The queuing discipline used by default (pfifo_fast) is barely more than 3 FIFO queues bundled together. The 3 queues allow for a barest minimum semblance of prioritisation of traffic, where Queue 0 > 1 > 2, and you can tweak some tcp parameters to have your traffic land in certain queues. If there's something in queue 0 it must be processed first before anything in queue 1 gets touched etc.

Those queues operate purely head-of-queue basis. If what is at the top of the queue 0 is blocked in any way, the whole queue behind it gets stuck, regardless of if it is talking to the same destination, or a completely different one.

I've seen situations where a glitching network card caused some serious knock on impacts across a whole cluster, because the card would hang or packets would drop, and that would end up blocking the qdisc on a completely healthy host that was in the middle of talking to it, which would have impacts on any other host that happened to be talking to that healthy host. A tiny glitch caused much wider impacts than you'd expect.
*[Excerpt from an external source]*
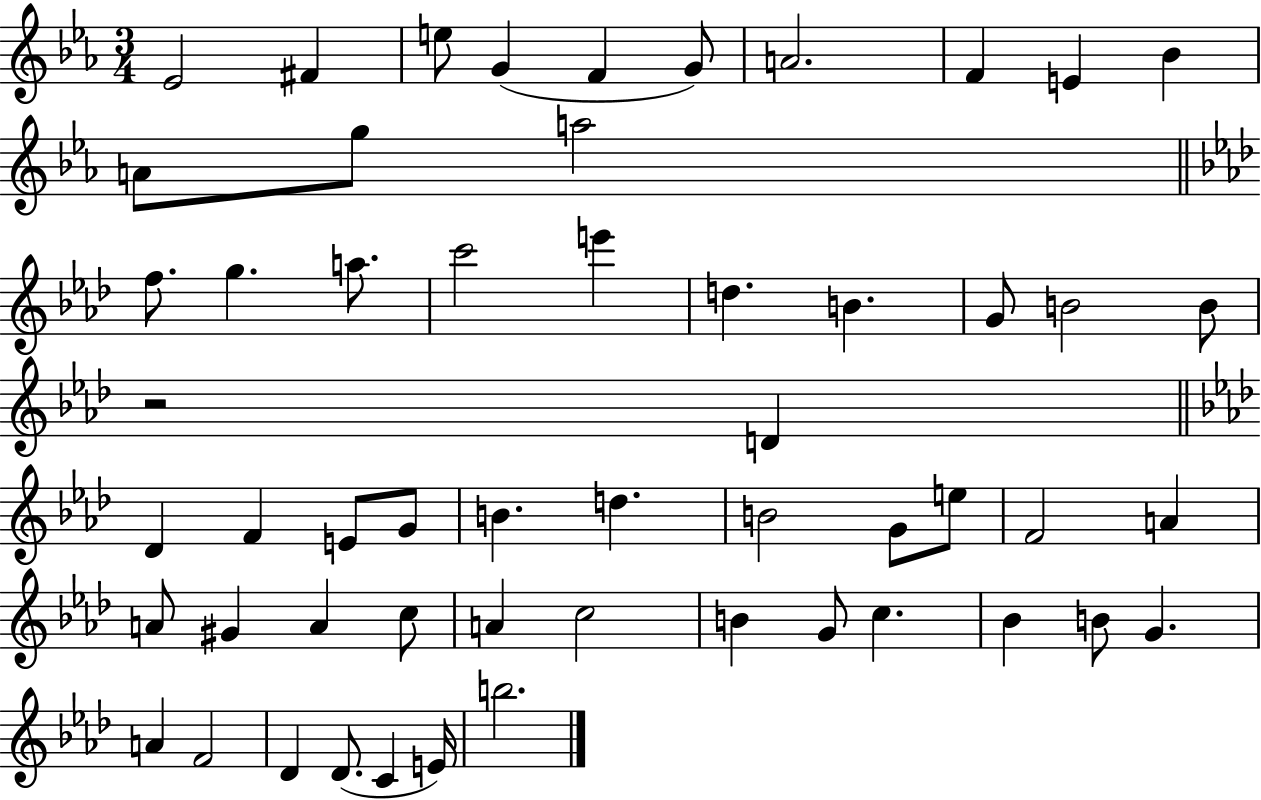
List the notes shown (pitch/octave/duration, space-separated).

Eb4/h F#4/q E5/e G4/q F4/q G4/e A4/h. F4/q E4/q Bb4/q A4/e G5/e A5/h F5/e. G5/q. A5/e. C6/h E6/q D5/q. B4/q. G4/e B4/h B4/e R/h D4/q Db4/q F4/q E4/e G4/e B4/q. D5/q. B4/h G4/e E5/e F4/h A4/q A4/e G#4/q A4/q C5/e A4/q C5/h B4/q G4/e C5/q. Bb4/q B4/e G4/q. A4/q F4/h Db4/q Db4/e. C4/q E4/s B5/h.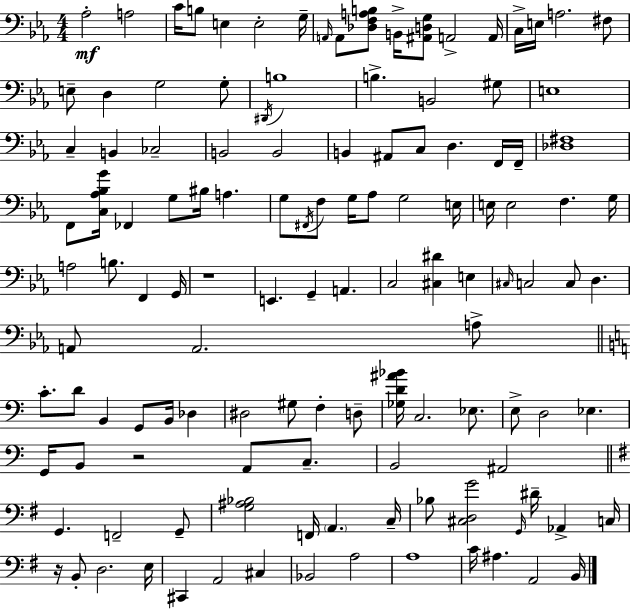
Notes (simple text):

Ab3/h A3/h C4/s B3/e E3/q E3/h G3/s A2/s A2/e [Db3,F3,A3,B3]/e B2/s [A#2,D3,G3]/e A2/h A2/s C3/s E3/s A3/h. F#3/e E3/e D3/q G3/h G3/e D#2/s B3/w B3/q. B2/h G#3/e E3/w C3/q B2/q CES3/h B2/h B2/h B2/q A#2/e C3/e D3/q. F2/s F2/s [Db3,F#3]/w F2/e [C3,Ab3,Bb3,G4]/s FES2/q G3/e BIS3/s A3/q. G3/e F#2/s F3/e G3/s Ab3/e G3/h E3/s E3/s E3/h F3/q. G3/s A3/h B3/e. F2/q G2/s R/w E2/q. G2/q A2/q. C3/h [C#3,D#4]/q E3/q C#3/s C3/h C3/e D3/q. A2/e A2/h. A3/e C4/e. D4/e B2/q G2/e B2/s Db3/q D#3/h G#3/e F3/q D3/e [Gb3,D4,A#4,Bb4]/s C3/h. Eb3/e. E3/e D3/h Eb3/q. G2/s B2/e R/h A2/e C3/e. B2/h A#2/h G2/q. F2/h G2/e [G3,A#3,Bb3]/h F2/s A2/q. C3/s Bb3/e [C#3,D3,G4]/h G2/s D#4/s Ab2/q C3/s R/s B2/e D3/h. E3/s C#2/q A2/h C#3/q Bb2/h A3/h A3/w C4/s A#3/q. A2/h B2/s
The same kind of effect would happen from a VM that went through live migration. The tiny, brief pause would cause a spike of latency all over the place.

There are classful alternatives like fq_codel that can be used, that can mitigate some fo this, but you do have to pay a small amount of processing overhead on every packet, because now you have a queuing discipline that actually needs to track some semblance of state.